WORK TASK | Each line of the entries that mentions the string "book" needs to be reported.

EXTRACTED DATA |
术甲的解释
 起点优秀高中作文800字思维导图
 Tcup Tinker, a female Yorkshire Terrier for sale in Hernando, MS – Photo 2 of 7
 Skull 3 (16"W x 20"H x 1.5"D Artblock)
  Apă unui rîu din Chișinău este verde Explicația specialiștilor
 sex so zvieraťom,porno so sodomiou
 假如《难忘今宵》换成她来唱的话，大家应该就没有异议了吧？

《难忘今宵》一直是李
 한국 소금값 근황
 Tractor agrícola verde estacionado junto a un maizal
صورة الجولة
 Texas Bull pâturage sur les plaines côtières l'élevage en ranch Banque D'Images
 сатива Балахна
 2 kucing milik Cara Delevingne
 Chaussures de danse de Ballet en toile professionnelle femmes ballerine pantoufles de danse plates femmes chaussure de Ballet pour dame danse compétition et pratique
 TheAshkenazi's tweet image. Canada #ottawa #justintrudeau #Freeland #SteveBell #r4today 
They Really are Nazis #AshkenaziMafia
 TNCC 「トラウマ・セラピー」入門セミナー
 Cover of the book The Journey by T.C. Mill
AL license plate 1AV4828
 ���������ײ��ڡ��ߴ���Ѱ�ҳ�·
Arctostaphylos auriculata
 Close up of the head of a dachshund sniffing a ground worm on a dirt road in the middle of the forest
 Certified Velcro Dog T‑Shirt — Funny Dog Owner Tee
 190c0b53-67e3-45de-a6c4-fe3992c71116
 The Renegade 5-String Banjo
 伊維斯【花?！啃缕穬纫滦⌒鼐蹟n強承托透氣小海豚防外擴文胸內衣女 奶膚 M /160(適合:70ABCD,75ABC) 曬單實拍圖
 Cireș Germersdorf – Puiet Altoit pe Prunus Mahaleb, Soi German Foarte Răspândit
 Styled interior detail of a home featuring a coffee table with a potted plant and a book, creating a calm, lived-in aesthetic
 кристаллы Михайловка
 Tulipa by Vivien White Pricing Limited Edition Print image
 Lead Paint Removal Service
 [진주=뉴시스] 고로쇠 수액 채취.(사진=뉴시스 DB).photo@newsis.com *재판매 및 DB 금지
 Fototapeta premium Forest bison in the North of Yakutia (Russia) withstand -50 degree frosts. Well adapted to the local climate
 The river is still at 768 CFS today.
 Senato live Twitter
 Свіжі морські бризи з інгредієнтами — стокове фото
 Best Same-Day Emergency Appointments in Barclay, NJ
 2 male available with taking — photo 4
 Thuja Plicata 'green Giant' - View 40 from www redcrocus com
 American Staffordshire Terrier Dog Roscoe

EXERCISE RESPONSE |
 Cover of the book The Journey by T.C. Mill
 Styled interior detail of a home featuring a coffee table with a potted plant and a book, creating a calm, lived-in aesthetic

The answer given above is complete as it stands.